Gradually, the day fell away. Fog rolled
in from Sonoma Coast and the sun began
its slow decent over the bay.

"I'm afraid it's that time of day, lil'
lady," said Patrick, stretching. He stood
up and brushed off his jeans.

"Time for what? I'm not going
anywhere. I'm sleeping in the park
tonight."

"Like hell you are." He laughed. "Oh,
don't be such a party pooper."
He grabbed my arm, whipped me up
lightning quick, and I felt that familiar
crackling of electricity underneath my
ballet flats.

"Not this again," I groaned, squeezing
my eyes shut.

We shot up like a firecracker, and I
could feel the earth falling away beneath
me.
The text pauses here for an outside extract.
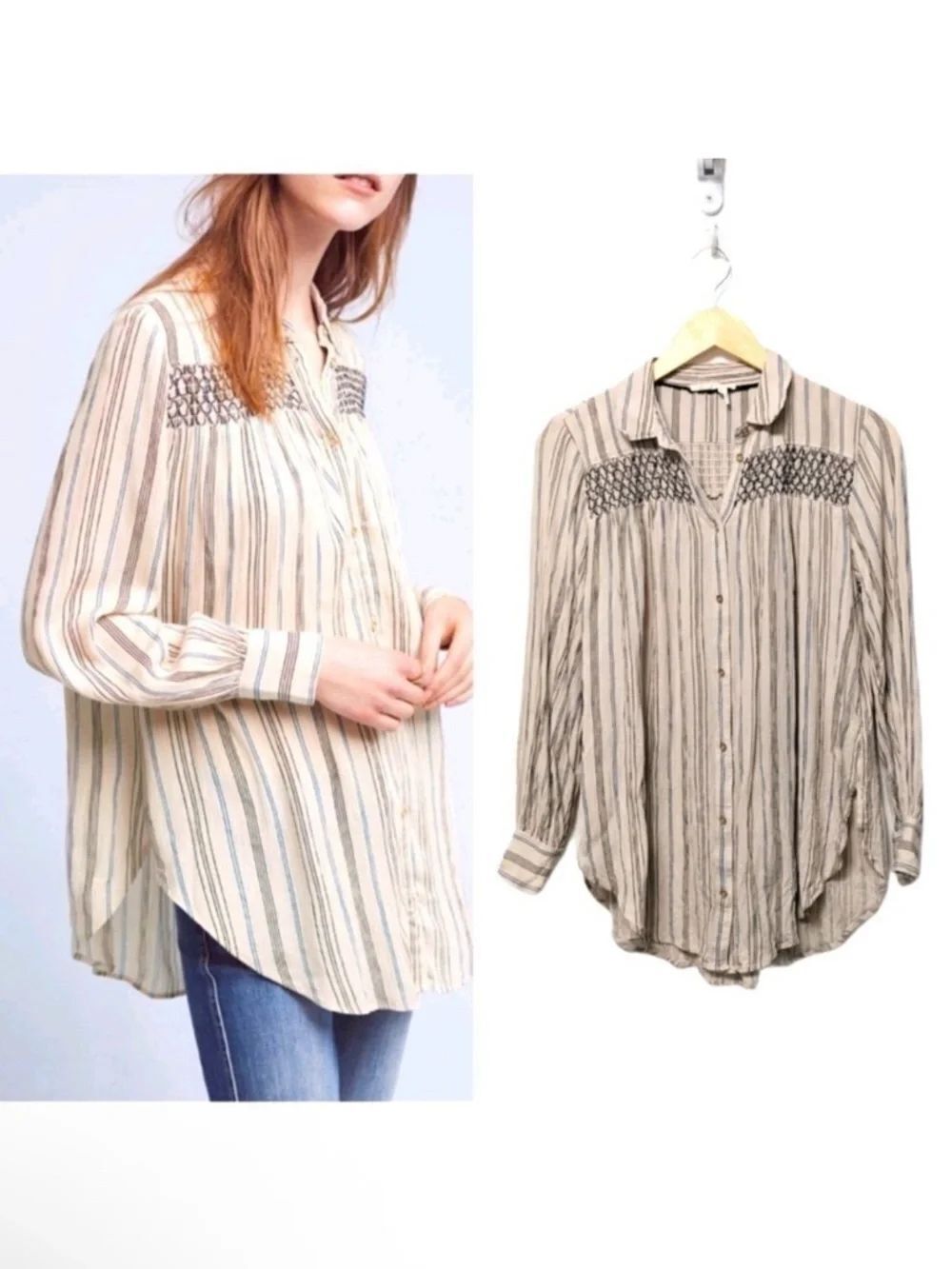 AnthropologieโFLOREAT NorthforkโStriped Embroidered Boho TunicโS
I didn't open my eyes. I'd rather not
know how high up we were.

You're never going to get better at this,
Angel, if you don't take a look around
once in a while.

Ugh, okay, fine.

I cracked an eye open. And got
confirmation that yes, in fact, we were
ten thousand feet up in the air. "Don't
you dare drop me," I growled through
clenched teeth.

Patrick zoomed the two of us right out of
the park and back in the direction of
Slice.

Or so I thought.

When our feet touched down an instant
later, I felt sand fill my shoes, all toasty
from an afternoon spent baking in the
sun. Even in November, the sand stayed
warm. That's California for you.

I recognized the cliff faces—tall,
majestic—and the way the surf rolled
back from the shoreline and broke into
perfect, parallel lines of white water. I
knew these wildflowers by heart, little
orange, red, and lavender petals dancing
in the ocean air, and the way they stuck
up in funny places like in between rocks
and underneath seashells.

This was Mavericks. This was the place
I'd come a thousand times growing up.
One of my most favorite spots in Half
Moon Bay. The beach where Jacob had
taken me on so many dates, and where
we'd snuck back with a sleeping bag the
last night of summer. Mavericks was the
place where he had chased me into the
waves and kissed me under three
shooting stars, one right after another.
Where he'd really, truly stolen my heart.